See figure 2 for detailed pattern matching process. The pattern string is yasherhs. For I = 0, 1. There is no corresponding path in trie, so no operation is performed. When I = 2, 3, 4, the pointer P goes to the lower left node E. Because the Count information of node e is 1, CNT + 1, and the count value of node e is set to-1, which indicates that the word has already been changed to prevent repeated counting, finally, temp points to the failed pointer of node e to continue searching, and so on. Finally, temp points to root and exits the while loop. In this process, count is increased by 2. 2 words she and he are found. When I = 5, the program enters row 5th, and P points to the node with its failure pointer, that is, the e node on the right, and then points to the r node in row 6th, the Count value of the r node is 1, so that count + 1 is collected until temp points to root. When I = 6, 7, no matching is found, and the matching process ends.


HDU
2222 questions
It can be used as a template question for AC automatic machines.

Paste code

# Include <map> # include <set> # include <list> # include <queue> # include <deque> # include <stack> # include <string> # include <time. h> # include <cstdio> # include <math. h> # include <iomanip> # include <cstdlib> # include <limits. h> # include <string. h> # include <iostream> # include <fstream> # include <algorithm> using namespace STD; # define ll long # define min int_min # define Max int_max # define PI ACOs (-1.0) # define fre Freopen ("input.txt", "r", stdin) # define FF freopen ("output.txt", "W", stdout) # define n 10005 # define M 1000005 const int kind = 26; struct node {node * fail; // failure pointer node * Next [kind]; // trie the child node of each node (up to 26 Child masters) int CNT; // whether it is the last node of the word () {// constructor initializes fail = NULL; CNT = 0; memset (next, null, sizeof (next) ;};}; char STR [55]; // The input word char ss [m]; // The input mode string queue <node *> QQ; // The queue Construction Failure pointer // create the trie tree void buildtree (node * root) {Node * P = root; int I = 0, ID; while (STR [I]) {id = STR [I]-'A '; if (p-> next [ID] = NULL) {P-> next [ID] = new node ();} p = p-> next [ID]; I ++ ;}( p-> CNT) ++ ;}// BFS failed pointer void BFS (node * root) {While (! QQ. empty () QQ. pop (); int I; root-> fail = NULL; QQ. push (Root); root-> fail = NULL; node * TMP, * P; while (! QQ. empty () {TMP = QQ. front (); QQ. pop (); P = NULL; for (I = 0; I <26; I ++) {If (TMP-> next [I]! = NULL) {P = TMP-> fail; while (P &&! P-> next [I]) {P = p-> fail;} If (! P) TMP-> next [I]-> fail = root; else TMP-> next [I]-> fail = p-> next [I]; QQ. push (TMP-> next [I]) ;}}// AC automatic Host Program int ac_run (node * root) {int I = 0, ANS = 0, ID; node * P = root; while (ss [I]) {id = ss [I]-'A'; while (! P-> next [ID] & P! = Root) {P = p-> fail;} p = p-> next [ID]; If (! P) P = root; node * TMP = P; while (TMP! = Root & TMP-> CNT! =-1) {ans + = TMP-> CNT; TMP-> CNT =-1; TMP = TMP-> fail;} I ++;} return ans ;} int main () {int t; scanf ("% d", & T); While (t --) {int N; scanf ("% d", & N ); node * root = new node (); While (n --) {scanf ("% s", STR); buildtree (Root);} BFS (Root ); scanf ("% s", SS); printf ("% d \ n", ac_run (Root);} return 0 ;}

Contact Us

The content source of this page is from Internet, which doesn't represent Alibaba Cloud's opinion; products and services mentioned on that page don't have any relationship with Alibaba Cloud. If the content of the page makes you feel confusing, please write us an email, we will handle the problem within 5 days after receiving your email.

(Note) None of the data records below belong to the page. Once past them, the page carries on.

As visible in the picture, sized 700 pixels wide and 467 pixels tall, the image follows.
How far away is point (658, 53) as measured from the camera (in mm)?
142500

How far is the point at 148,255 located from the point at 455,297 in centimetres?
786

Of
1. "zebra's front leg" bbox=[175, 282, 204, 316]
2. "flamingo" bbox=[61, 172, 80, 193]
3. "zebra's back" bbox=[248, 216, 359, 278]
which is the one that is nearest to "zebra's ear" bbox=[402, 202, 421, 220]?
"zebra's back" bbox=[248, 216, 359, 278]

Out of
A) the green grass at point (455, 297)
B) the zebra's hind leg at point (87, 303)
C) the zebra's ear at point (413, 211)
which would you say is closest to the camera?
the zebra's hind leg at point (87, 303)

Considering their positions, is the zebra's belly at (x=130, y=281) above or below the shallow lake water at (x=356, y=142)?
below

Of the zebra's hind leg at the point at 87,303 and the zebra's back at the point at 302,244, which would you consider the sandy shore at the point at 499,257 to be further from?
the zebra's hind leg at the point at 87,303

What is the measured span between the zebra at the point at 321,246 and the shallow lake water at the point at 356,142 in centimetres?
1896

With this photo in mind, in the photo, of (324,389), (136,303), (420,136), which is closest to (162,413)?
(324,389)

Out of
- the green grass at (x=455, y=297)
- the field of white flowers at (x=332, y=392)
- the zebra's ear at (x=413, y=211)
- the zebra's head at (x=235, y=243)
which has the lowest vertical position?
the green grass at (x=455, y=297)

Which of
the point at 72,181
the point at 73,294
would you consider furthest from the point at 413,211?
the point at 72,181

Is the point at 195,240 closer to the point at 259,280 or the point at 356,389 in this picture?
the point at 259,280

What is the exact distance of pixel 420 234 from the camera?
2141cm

If you find any instances of plagiarism from the community, please send an email to: info-contact@alibabacloud.com and provide relevant evidence. A staff member will contact you within 5 working days.

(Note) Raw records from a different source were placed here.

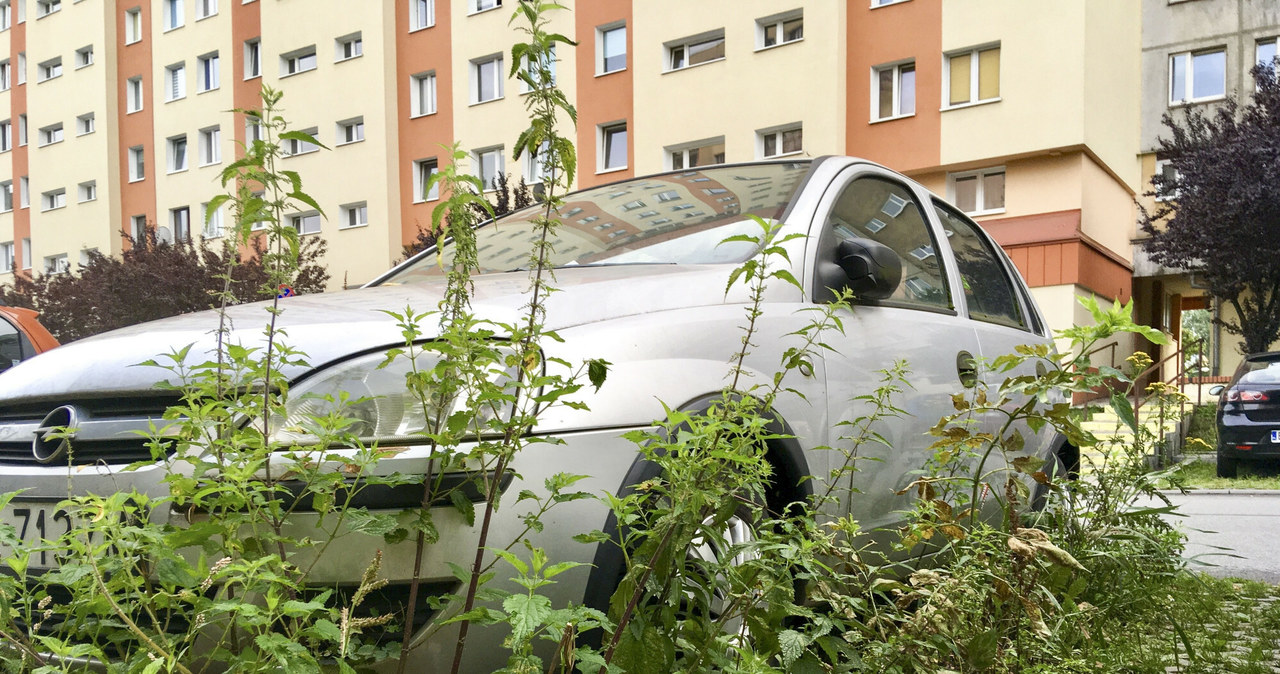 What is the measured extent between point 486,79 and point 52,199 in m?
24.2

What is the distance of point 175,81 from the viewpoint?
40.1m

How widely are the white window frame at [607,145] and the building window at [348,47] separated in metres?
9.34

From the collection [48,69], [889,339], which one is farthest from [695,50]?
[48,69]

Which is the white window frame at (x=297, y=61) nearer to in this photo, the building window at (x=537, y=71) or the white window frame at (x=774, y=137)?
the white window frame at (x=774, y=137)

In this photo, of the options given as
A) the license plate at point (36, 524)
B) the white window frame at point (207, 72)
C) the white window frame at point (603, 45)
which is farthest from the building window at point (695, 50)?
the license plate at point (36, 524)

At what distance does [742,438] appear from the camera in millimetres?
2066

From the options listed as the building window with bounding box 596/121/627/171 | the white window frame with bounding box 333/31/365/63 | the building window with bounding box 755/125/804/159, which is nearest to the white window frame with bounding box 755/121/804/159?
the building window with bounding box 755/125/804/159

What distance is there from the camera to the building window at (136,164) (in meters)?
41.2

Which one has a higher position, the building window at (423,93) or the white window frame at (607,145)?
the building window at (423,93)

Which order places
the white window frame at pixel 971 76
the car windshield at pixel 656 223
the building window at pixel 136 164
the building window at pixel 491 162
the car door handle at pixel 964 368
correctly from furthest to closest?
the building window at pixel 136 164, the building window at pixel 491 162, the white window frame at pixel 971 76, the car door handle at pixel 964 368, the car windshield at pixel 656 223

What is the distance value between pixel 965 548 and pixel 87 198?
46894 mm

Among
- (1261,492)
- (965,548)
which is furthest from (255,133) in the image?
(1261,492)

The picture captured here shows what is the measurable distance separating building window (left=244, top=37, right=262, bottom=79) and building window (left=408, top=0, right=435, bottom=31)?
6.96m

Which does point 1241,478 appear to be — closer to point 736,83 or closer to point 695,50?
point 736,83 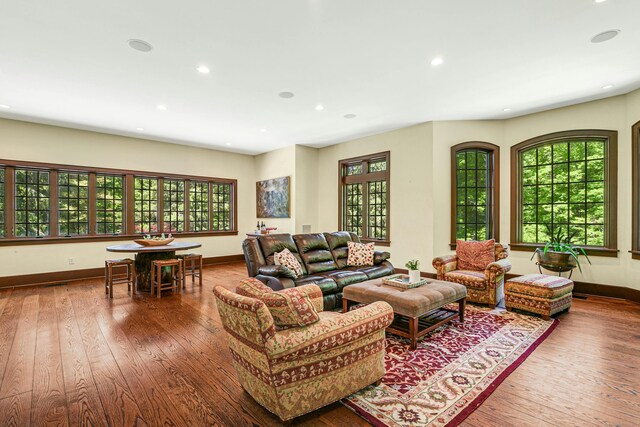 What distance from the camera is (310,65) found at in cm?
371

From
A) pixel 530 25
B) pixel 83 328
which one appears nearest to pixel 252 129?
pixel 83 328

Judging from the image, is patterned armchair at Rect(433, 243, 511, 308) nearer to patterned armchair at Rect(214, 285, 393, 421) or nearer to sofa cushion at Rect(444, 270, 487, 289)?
sofa cushion at Rect(444, 270, 487, 289)

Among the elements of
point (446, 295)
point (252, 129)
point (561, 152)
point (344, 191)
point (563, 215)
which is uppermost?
point (252, 129)

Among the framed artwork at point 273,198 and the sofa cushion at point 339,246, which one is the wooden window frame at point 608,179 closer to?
the sofa cushion at point 339,246

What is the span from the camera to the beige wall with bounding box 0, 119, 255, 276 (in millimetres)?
5758

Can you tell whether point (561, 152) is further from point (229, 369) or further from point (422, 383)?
point (229, 369)

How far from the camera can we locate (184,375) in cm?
254

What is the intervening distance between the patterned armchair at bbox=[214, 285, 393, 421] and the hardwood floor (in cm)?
16

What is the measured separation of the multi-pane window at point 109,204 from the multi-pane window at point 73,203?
21 centimetres

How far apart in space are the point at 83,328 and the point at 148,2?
11.6 ft

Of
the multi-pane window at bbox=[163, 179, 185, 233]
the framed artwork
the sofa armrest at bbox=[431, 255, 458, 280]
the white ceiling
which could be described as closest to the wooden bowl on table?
the white ceiling

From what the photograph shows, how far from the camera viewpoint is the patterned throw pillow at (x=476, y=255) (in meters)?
4.71

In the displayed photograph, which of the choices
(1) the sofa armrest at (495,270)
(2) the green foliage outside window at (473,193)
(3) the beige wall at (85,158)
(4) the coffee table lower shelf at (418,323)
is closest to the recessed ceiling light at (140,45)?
(4) the coffee table lower shelf at (418,323)

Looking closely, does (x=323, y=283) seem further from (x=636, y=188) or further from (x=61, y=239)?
(x=61, y=239)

A Free Trial That Lets You Build Big!

Start building with 50+ products and up to 12 months usage for Elastic Compute Service

  • Sales Support

    1 on 1 presale consultation

  • After-Sales Support

    24/7 Technical Support 6 Free Tickets per Quarter Faster Response

  • Alibaba Cloud offers highly flexible support services tailored to meet your exact needs.